Records contained in a dataset:
----------------------------------------

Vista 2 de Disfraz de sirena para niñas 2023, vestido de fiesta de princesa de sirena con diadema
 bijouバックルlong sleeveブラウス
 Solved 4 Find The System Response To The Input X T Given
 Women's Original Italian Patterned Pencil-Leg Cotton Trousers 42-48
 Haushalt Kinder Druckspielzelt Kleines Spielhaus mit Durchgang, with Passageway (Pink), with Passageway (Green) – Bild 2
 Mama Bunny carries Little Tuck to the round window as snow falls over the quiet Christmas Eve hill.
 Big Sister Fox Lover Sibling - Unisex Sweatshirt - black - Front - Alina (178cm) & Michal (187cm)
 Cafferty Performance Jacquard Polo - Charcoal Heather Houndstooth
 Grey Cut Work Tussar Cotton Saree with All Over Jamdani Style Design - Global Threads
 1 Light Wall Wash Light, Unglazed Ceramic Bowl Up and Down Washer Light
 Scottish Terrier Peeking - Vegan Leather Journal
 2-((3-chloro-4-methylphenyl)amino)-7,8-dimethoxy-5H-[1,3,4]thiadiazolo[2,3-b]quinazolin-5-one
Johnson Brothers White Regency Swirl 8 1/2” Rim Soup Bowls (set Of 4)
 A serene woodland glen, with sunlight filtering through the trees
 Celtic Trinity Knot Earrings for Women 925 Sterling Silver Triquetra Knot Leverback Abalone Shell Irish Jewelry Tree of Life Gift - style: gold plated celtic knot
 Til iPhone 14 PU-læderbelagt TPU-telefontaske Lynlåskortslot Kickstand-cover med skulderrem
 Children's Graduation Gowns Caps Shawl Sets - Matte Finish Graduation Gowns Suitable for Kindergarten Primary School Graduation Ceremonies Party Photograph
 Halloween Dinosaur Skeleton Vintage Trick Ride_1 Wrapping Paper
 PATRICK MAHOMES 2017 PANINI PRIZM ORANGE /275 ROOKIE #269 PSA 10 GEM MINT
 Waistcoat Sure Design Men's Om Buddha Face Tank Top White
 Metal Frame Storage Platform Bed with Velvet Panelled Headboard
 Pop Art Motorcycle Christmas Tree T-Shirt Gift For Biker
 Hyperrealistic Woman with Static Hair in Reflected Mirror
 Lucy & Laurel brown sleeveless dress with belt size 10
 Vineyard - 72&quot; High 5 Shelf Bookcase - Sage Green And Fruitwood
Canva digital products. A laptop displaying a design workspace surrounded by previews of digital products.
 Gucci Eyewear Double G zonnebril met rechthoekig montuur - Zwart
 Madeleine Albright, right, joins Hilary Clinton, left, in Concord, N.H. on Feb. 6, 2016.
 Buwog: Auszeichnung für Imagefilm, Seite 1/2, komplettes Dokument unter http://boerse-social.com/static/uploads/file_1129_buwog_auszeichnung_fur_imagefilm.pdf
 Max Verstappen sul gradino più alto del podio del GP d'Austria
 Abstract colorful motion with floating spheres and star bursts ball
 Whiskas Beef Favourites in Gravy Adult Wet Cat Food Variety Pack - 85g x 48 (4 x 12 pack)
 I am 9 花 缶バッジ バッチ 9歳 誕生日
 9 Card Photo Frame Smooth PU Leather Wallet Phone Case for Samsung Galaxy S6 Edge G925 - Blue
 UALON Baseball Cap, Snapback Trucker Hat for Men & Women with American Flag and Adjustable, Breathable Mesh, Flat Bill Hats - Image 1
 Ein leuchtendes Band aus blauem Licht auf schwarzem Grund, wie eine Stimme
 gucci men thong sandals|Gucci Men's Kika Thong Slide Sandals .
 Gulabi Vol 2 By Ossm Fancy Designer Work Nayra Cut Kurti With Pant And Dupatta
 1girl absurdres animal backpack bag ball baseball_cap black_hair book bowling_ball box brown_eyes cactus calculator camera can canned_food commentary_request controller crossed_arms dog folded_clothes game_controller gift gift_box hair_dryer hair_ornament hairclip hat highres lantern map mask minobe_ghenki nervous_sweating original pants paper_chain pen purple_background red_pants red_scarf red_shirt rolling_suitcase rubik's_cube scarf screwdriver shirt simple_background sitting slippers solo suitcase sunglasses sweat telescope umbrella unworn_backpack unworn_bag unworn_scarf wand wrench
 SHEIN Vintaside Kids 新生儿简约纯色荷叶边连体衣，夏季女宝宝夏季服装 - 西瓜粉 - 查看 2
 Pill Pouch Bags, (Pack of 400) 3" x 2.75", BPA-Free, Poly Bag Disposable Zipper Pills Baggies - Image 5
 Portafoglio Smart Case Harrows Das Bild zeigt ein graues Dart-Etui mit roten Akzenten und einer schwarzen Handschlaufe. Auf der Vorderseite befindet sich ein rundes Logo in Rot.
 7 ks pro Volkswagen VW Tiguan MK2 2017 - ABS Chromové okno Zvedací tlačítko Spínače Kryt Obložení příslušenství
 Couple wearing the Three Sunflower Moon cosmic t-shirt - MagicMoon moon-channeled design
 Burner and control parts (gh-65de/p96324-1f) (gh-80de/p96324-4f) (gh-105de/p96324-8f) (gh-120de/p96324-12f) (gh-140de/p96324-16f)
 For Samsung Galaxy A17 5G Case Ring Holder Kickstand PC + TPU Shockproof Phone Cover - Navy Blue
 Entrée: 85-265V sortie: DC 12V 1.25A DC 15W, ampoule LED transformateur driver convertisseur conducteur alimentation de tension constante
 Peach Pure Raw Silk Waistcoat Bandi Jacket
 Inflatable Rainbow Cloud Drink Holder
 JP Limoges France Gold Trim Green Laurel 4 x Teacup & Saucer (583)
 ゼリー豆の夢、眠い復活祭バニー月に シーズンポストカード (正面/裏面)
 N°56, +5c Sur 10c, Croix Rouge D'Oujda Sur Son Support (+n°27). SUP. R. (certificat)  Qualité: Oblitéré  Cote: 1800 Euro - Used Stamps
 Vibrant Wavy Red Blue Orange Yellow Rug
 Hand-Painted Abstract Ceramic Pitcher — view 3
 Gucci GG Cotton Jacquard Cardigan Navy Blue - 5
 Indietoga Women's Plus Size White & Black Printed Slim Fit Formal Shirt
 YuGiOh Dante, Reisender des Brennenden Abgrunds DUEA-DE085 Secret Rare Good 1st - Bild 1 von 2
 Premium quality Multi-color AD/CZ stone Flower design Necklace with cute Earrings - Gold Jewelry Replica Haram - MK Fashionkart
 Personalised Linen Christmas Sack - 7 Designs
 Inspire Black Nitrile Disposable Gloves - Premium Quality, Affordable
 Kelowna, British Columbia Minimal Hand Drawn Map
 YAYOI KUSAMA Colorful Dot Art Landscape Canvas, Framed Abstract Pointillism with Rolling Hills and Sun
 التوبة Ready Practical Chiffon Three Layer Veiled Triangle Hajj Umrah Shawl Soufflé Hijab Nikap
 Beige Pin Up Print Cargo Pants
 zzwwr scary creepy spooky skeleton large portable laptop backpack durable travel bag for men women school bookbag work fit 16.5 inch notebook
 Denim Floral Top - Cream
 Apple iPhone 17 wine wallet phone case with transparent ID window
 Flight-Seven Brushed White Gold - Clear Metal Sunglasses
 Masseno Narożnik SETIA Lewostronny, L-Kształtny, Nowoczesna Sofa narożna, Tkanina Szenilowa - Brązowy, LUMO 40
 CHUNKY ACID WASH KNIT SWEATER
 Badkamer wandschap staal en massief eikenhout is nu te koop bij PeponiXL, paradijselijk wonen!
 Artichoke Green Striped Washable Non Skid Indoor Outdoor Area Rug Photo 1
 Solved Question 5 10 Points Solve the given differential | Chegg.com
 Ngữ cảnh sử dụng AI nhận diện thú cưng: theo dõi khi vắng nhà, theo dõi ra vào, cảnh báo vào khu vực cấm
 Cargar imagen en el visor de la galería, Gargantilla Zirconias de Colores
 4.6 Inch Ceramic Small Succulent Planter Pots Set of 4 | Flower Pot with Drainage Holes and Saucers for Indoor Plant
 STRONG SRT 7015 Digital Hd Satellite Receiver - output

----------------------------------------

§ Exercise details
From the data above, reproduce word for word the lines running from the line with "Solved 4 Find" to the line with "Lucy & Laurel", ends included.

§ Written solution
 Solved 4 Find The System Response To The Input X T Given
 Women's Original Italian Patterned Pencil-Leg Cotton Trousers 42-48
 Haushalt Kinder Druckspielzelt Kleines Spielhaus mit Durchgang, with Passageway (Pink), with Passageway (Green) – Bild 2
 Mama Bunny carries Little Tuck to the round window as snow falls over the quiet Christmas Eve hill.
 Big Sister Fox Lover Sibling - Unisex Sweatshirt - black - Front - Alina (178cm) & Michal (187cm)
 Cafferty Performance Jacquard Polo - Charcoal Heather Houndstooth
 Grey Cut Work Tussar Cotton Saree with All Over Jamdani Style Design - Global Threads
 1 Light Wall Wash Light, Unglazed Ceramic Bowl Up and Down Washer Light
 Scottish Terrier Peeking - Vegan Leather Journal
 2-((3-chloro-4-methylphenyl)amino)-7,8-dimethoxy-5H-[1,3,4]thiadiazolo[2,3-b]quinazolin-5-one
Johnson Brothers White Regency Swirl 8 1/2” Rim Soup Bowls (set Of 4)
 A serene woodland glen, with sunlight filtering through the trees
 Celtic Trinity Knot Earrings for Women 925 Sterling Silver Triquetra Knot Leverback Abalone Shell Irish Jewelry Tree of Life Gift - style: gold plated celtic knot
 Til iPhone 14 PU-læderbelagt TPU-telefontaske Lynlåskortslot Kickstand-cover med skulderrem
 Children's Graduation Gowns Caps Shawl Sets - Matte Finish Graduation Gowns Suitable for Kindergarten Primary School Graduation Ceremonies Party Photograph
 Halloween Dinosaur Skeleton Vintage Trick Ride_1 Wrapping Paper
 PATRICK MAHOMES 2017 PANINI PRIZM ORANGE /275 ROOKIE #269 PSA 10 GEM MINT
 Waistcoat Sure Design Men's Om Buddha Face Tank Top White
 Metal Frame Storage Platform Bed with Velvet Panelled Headboard
 Pop Art Motorcycle Christmas Tree T-Shirt Gift For Biker
 Hyperrealistic Woman with Static Hair in Reflected Mirror
 Lucy & Laurel brown sleeveless dress with belt size 10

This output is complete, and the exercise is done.